Motorola Announces TekSpeech Pro Voice Recognition
This week, Motorola announced its latest voice-driven solution that aims to improve the operations of warehouses and distribution centers. Called TekSpeech Pro, it allows businesses to create an end-to-end supply chain solution that offers speech recognition capabilities in a range of mobile computers.
Picking and replenishment processes can use up to 70 percent of warehouses' operating costs, Motorola points out in its product announcement, and many are turning to handheld computers to boost employee productivity, improve overall business efficiency, and lower fulfillment costs. Motorola further points to its recent study, "Motorola Solutions' Future of Warehousing Survey," that predicts an overall increase through 2019 of multi-modal operation workflows. The study says usage of computer devices and products, such as the TekSpeech Pro, will increase 142 percent in the next five years.

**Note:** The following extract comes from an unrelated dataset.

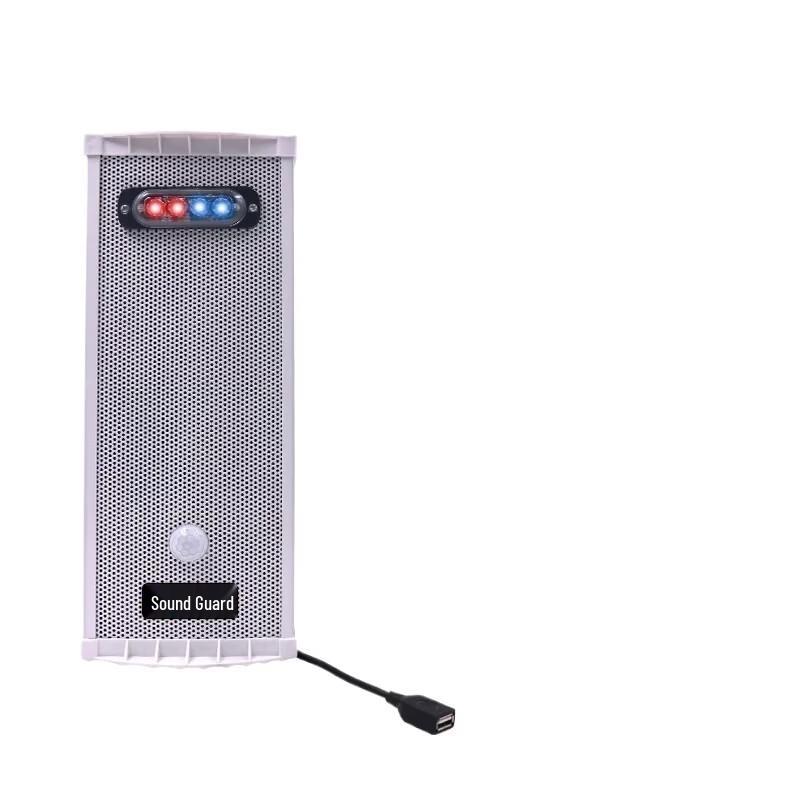Shengweishi Construction Site Voice Announcer Alarm WT-WA5 CN plug (adapter included)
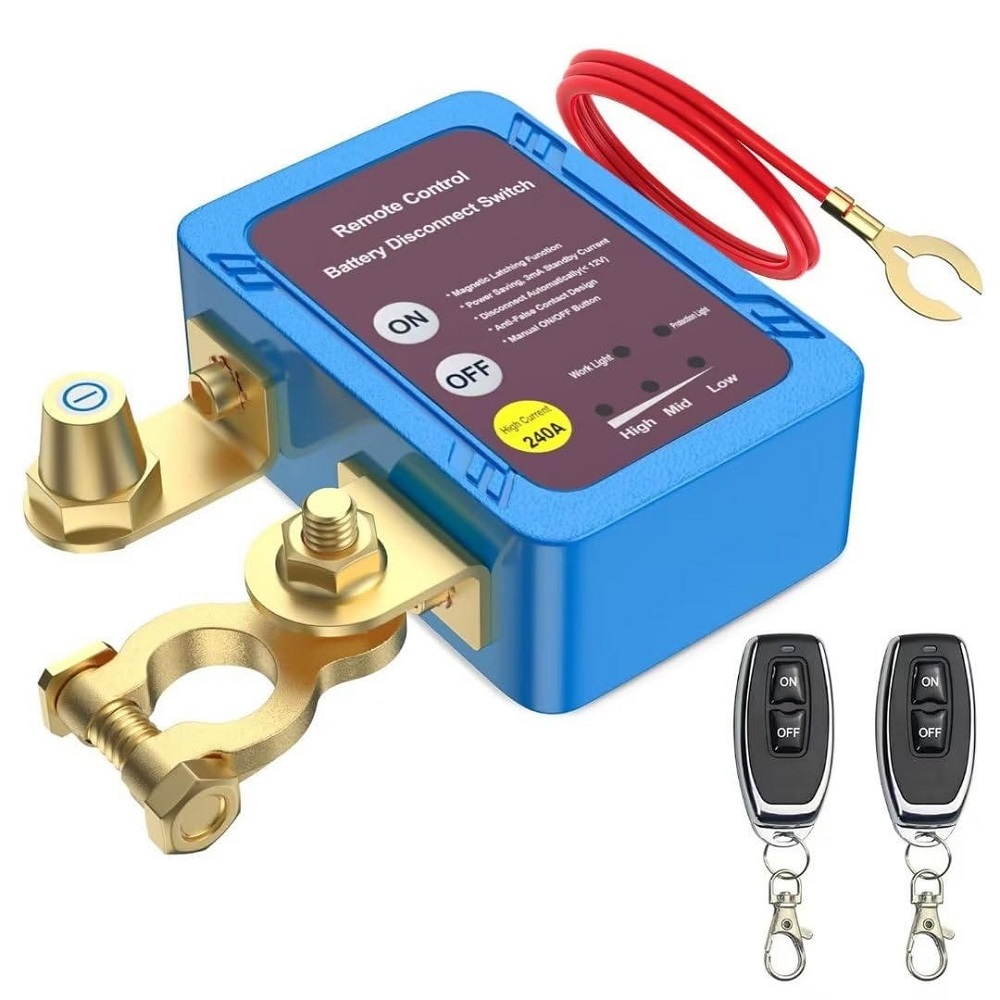 anti-theft service system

TekSpeech Pro offers companies voice recognition in order to help them go multi-modal. Motorola's handheld computers can use the software directly out of the box and begin recognizing users' voice patterns immediately. The TekSpeech Pro requires no training and is able to detect voice commands that vary in accents and speeds. It is made to integrate with products warehouses already have installed, such as warehouse management systems and enterprise resource planning systems.
Pickers should be able to utilize their handheld computers to interface with a central control unit that will extend to them the names and locations of products. They can easily explain any commands they need to make with respect to their assigned products or duties without needing to take their hands or eyes off their work.
Similarly, anyone stocking inventory inside a warehouse can find himself able to communicate with his computer while lifting boxes and transporting goods either by hand or with the use of a forklift or dolly. Managers seeking to make changes to the system can also use TekSpeech Pro to interact with central servers to change business operating modes, start up and shut down various workflows, and issue commands to groups or individual employees.